Recently, at::nonzero_static has been introduced, which solves the first point by giving the function the expected maximum number of nonzero elements (which is fine for my application). However, it does not feature a “dim” argument, meaning that it cannot be applied to each row/column individually, which in my opinion makes no sense since setting the size of the output guarantees that each row would feature the same amount of items, thus making the output a tensor.
Using a for loop would obviously solve my issue, but that would mean calling the function several times which is not GPU efficient. Does anyone know a way to apply nonzero_static efficiently to each row, and returning a tensor where each row is the result of its application to each slice of the tensor? From my understanding, vmap may be a solution but I am not sure whether it is optimized for GPU.
I implemented a few solutions. A few preliminaries:
nonzero_static()
is unfortunately not compatible with cuda backend, which may be limiting for your use casevmap
will not likely work as it "does not provide general autobatching or handle variable-length sequences out of the box." and creates a batched_tensor output. Running vmap on nonzero_static
produces a warning UserWarning: There is a performance drop because we have not yet implemented the batching rule for aten::nonzero_static.
nonzero()
was the fastest or nearly as fast as the index-broadcasting solution. Seems that the unclear size of memory to be allocated is not in general a large bottleneck when compared to the relatively clunky workaround solutions.
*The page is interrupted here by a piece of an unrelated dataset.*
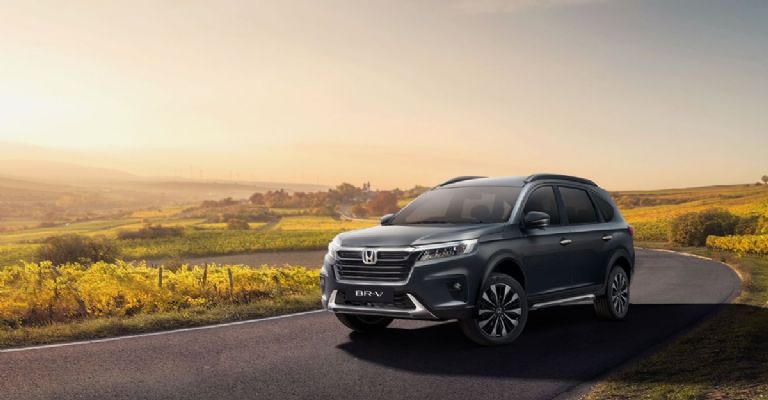 Honda BR-V 2024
Would be interesting to re-evaluate if either nonzero_static
was optimized for batched computation with vmap
or CUDA backend was implemented for nonzero_static
which hopefully will eventually happen as it's a relatively new function in pytorch.import torch
import time
m = 2000
n = 1000
trials = 100
results = {}
for t in range(trials):
device = torch.device("cpu")
data = torch.rand([m,n],device = device).round().long()
# use nonzero
name = "nonzero"
t1 = time.time()
idx = data.nonzero()
midx = idx[:,0]
nidx = idx[:,1]
output = torch.zeros([m,n],device = device,dtype = torch.long)
output[midx,nidx] = nidx
output = output.sort(dim = 1,descending = True)
torch.cuda.synchronize()
try:
results[name] += time.time()- t1
except:
results[name] = time.time() - t1
# use nonzero_static and leave in "listy" form
name = "nonzero_static"
t1 = time.time()
count_nonzero = int(data.sum().item())
d = data.view(-1)
idx = d.nonzero_static(size = count_nonzero)
midx,nidx = idx//n, idx%n
torch.cuda.synchronize()
try:
results[name] += time.time()- t1
except:
results[name] = time.time() - t1
# use nonzero_static and put in matrix form, leave unsorted
name = "nonzero_static -> matrix"
t1 = time.time()
count_nonzero = int(data.sum().item())
d = data.view(-1)
idx = d.nonzero_static(size = count_nonzero)
midx,nidx = idx//n, idx%n
output = torch.zeros([m,n],device = device,dtype = torch.long)
output[midx,nidx] = nidx
torch.cuda.synchronize()
try:
results[name] += time.time()- t1
except:
results[name] = time.time() - t1
# use nonzero_static and put in matrix form, then sort
name = "nonzero_static -> sorted matrix"
t1 = time.time()
count_nonzero = int(data.sum().item())
d = data.view(-1)
idx = d.nonzero_static(size = count_nonzero)
midx,nidx = idx//n, idx%n
output = torch.zeros([m,n],device = device,dtype = torch.long)
output[midx,nidx] = nidx
output = output.sort(dim = 1,descending = True)
torch.cuda.synchronize()
try:
results[name] += time.time()- t1
except:
results[name] = time.time() - t1
# vmap nonzero_static
name = "vmap nonzero_static"
t1 = time.time()
test = torch.func.vmap(torch.nonzero_static)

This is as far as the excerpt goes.